Computer systems with which we interact on a daily basis consist of a vast diversity of devices. At the low end, battery-powered, handheld devices with limited resources, e.g., personal digital assistants (PDAs), smartphones, etc., are common and extremely popular. At the high end, powerful, multi- and many-core processor systems are increasingly ubiquitous in the laptops, deskside computers, workstations, and clusters that we use. The pervasiveness of heterogeneous systems requires that there be programming languages for application development, that are easy to learn and use, portable across diverse systems, and that facilitate extraction of high performance from the underlying, available device technology.
The Java programming language offers many of these characteristics. Its architecture-independent program transfer format and extant virtual machine technology for a wide variety of devices, provides programmers with a write once and run anywhere (WORA) model. Moreover, its object-orientation, robust library support, and high-level syntax, make Java easy to learn and develop applications with. Finally, modern virtual machine (VM) technology offers powerful adaptive services that comibine program profiling and optimization, to extract high performance from applications with frequently executed code regions (hot spots). However, the Java language and its VM technology to date have not targeted device-specific opportunities that have the potential for enabling both programmer productivity and scalable high performance.
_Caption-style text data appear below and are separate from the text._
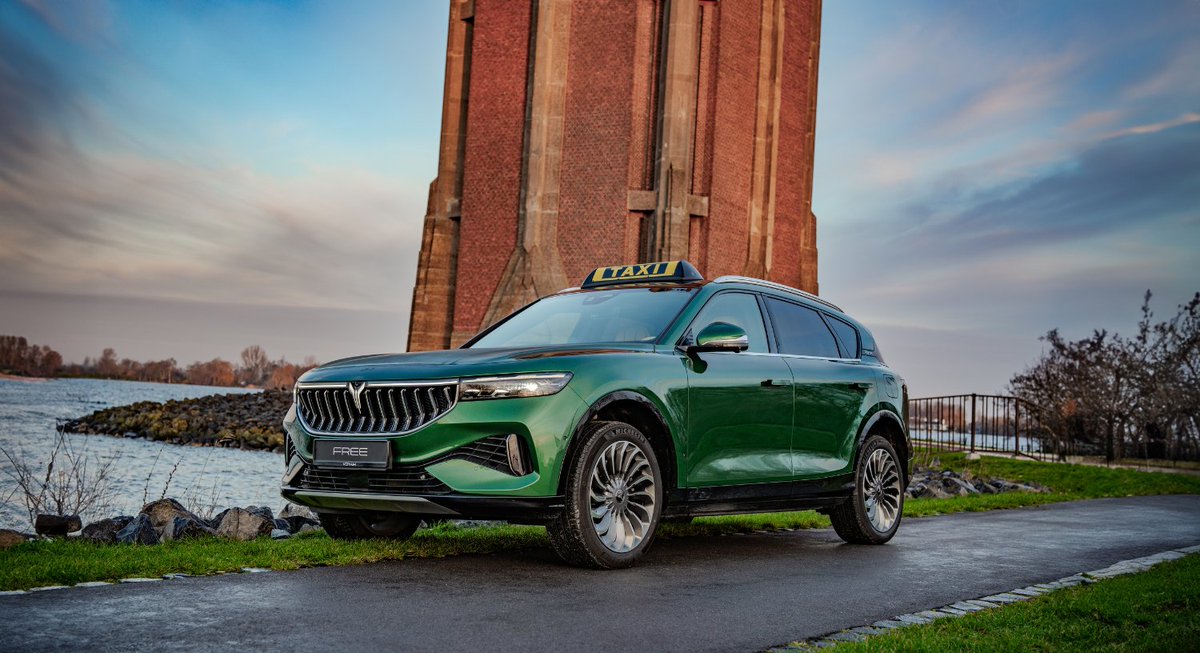 beijerauto's tweet image. De Beijer CAN-database is weer een Chinees automerk rijker: VOYAH. Na zijn recente debuut in Nederland is de VOYAH Free direct gemeten door Beijer Engineers, waardoor hij nu al als taxi de weg op kan! @VOYAH_Global #candata #taxi #connectedmobility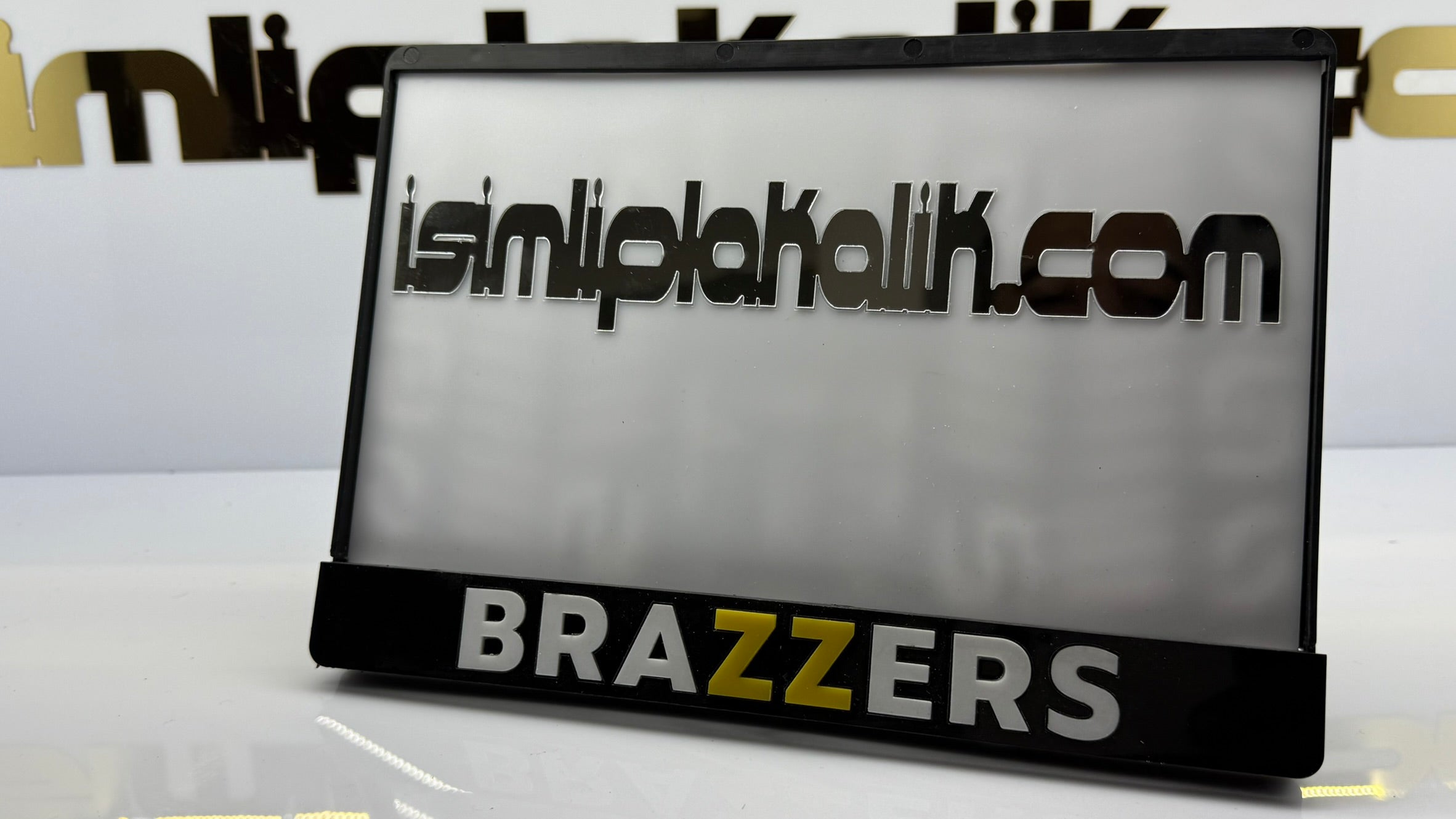 Brazzers Yazılı Siyah Parlak Pleksi Motorsiklet Plakalık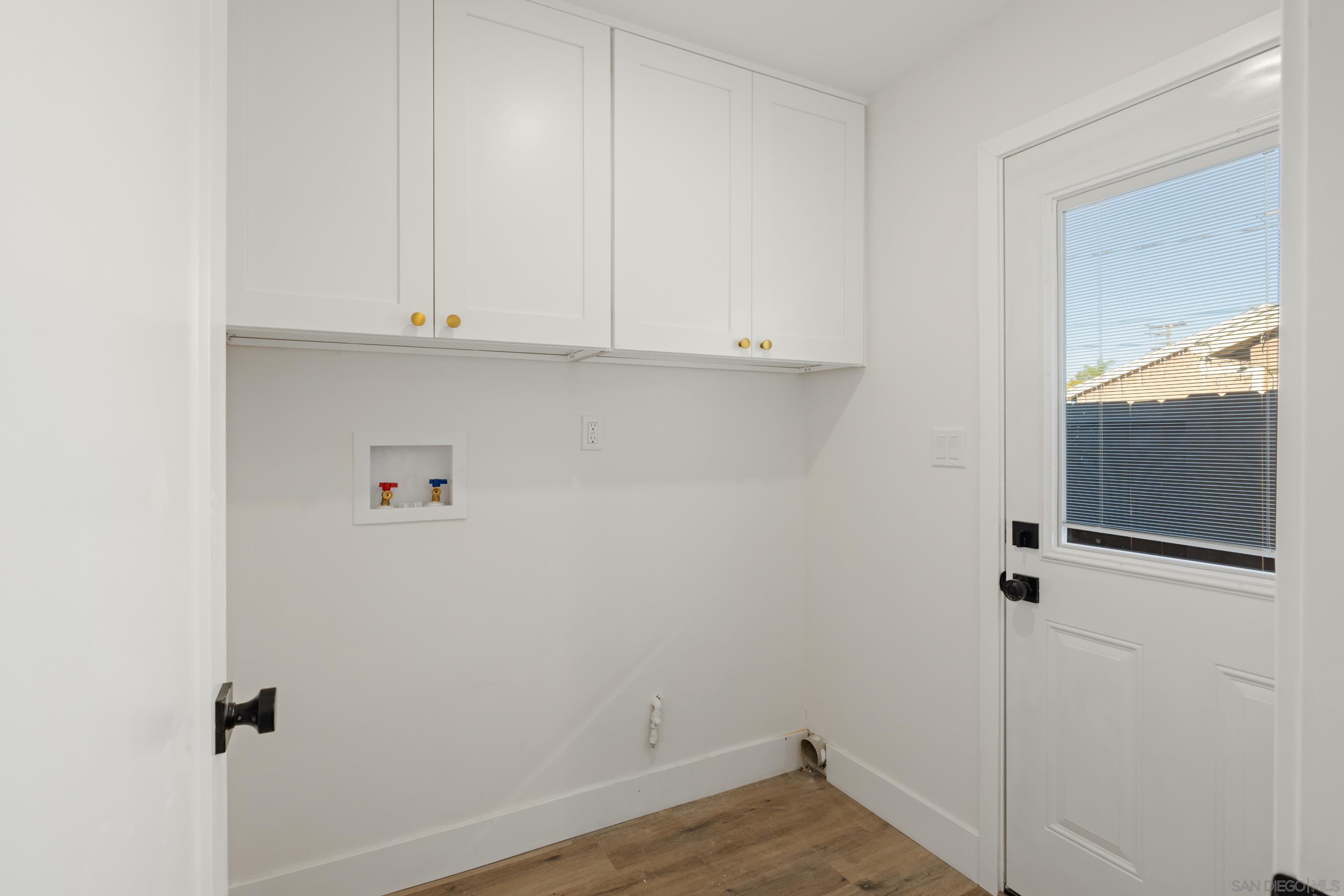 Detail Gallery Image 24 of 27 For 4871  Mount Bigelow Drive, San Diego,  CA 92111 - 4 Beds | 2/1 Baths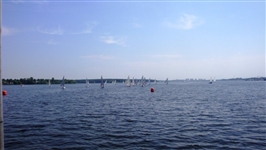i00496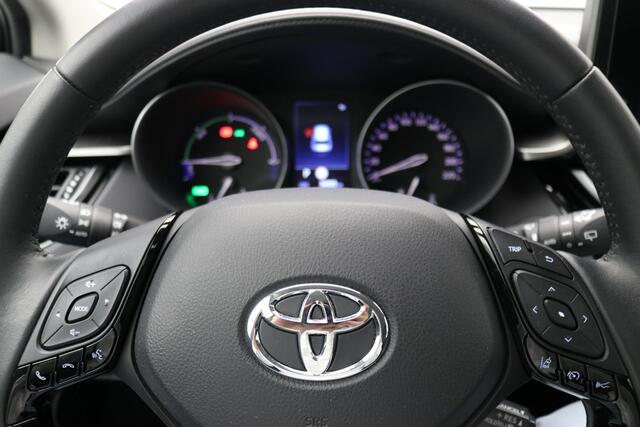 Toyota C-HR 1.8 Hybrid Dynamic / Adaptieve Cruise Control / Navigatie / 1ste Eigenaar / Airco Climate Control / Achteruitrijcamera / Historie bekend / LMV /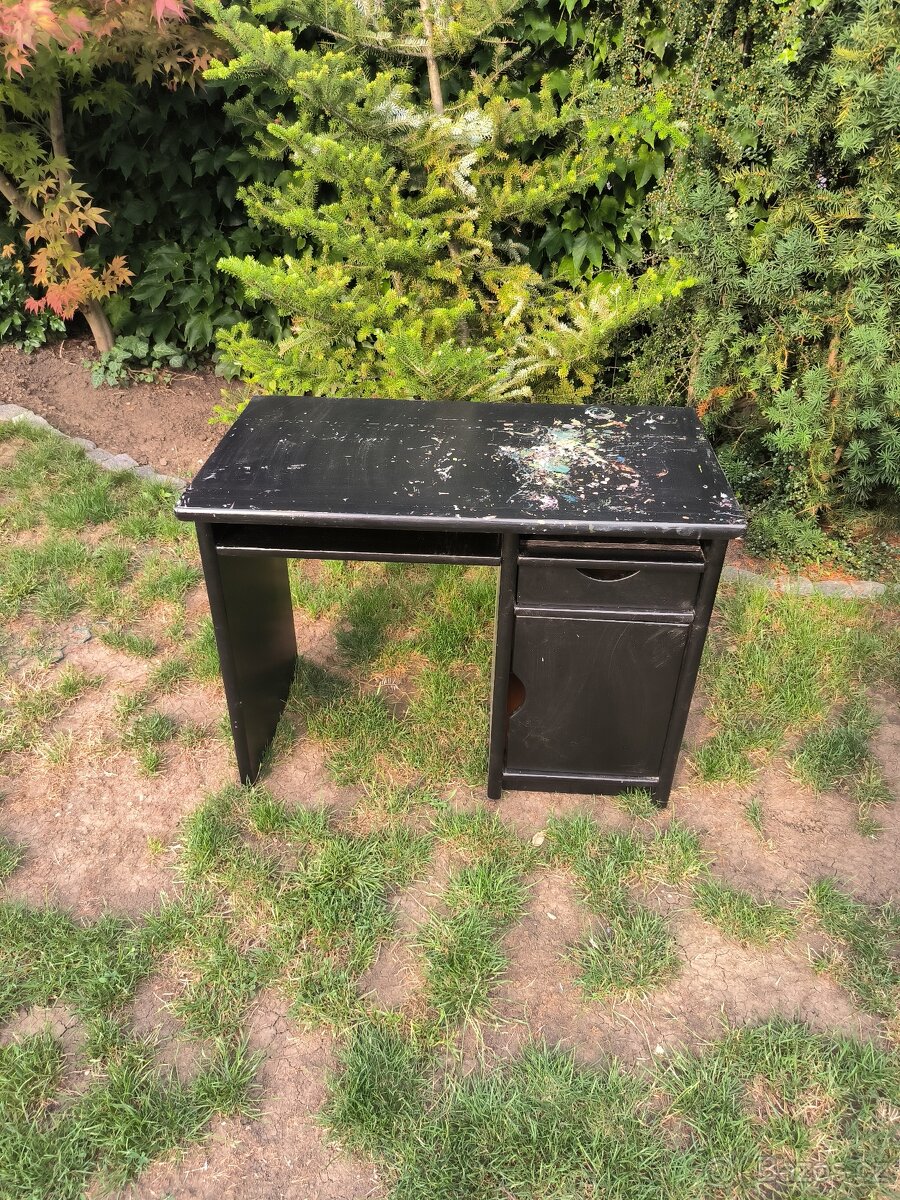 Pracovní stůl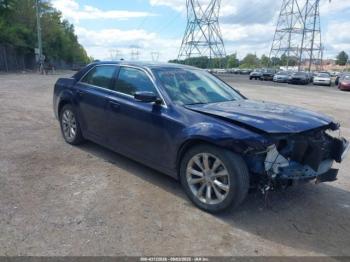  Salvage Chrysler 300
In this dissertation, we investigate potential opportunities for devices at the two ends of the performance spectrum: battery-powered, handheld PDAs and parallel processing systems. Our thesis question asks whether we can employ adaptive JVM technologies to improve the performance of programs in resource-constrained devices and to facilitate efficient and scalable parallel programming in multi-core systems. We address each question with a specific and novel solution: (1) adaptive compiled code management for low end devices, and (2) adaptive code parallelization for high end, multiprocessing systems. The goal of our work is to extract high performance from the underlying device technology through novel JVM extensions while maintaining the ease-of-use of the Java programming language. We describe each of our foci in detail and present empirical evidence of its efficacy and potential.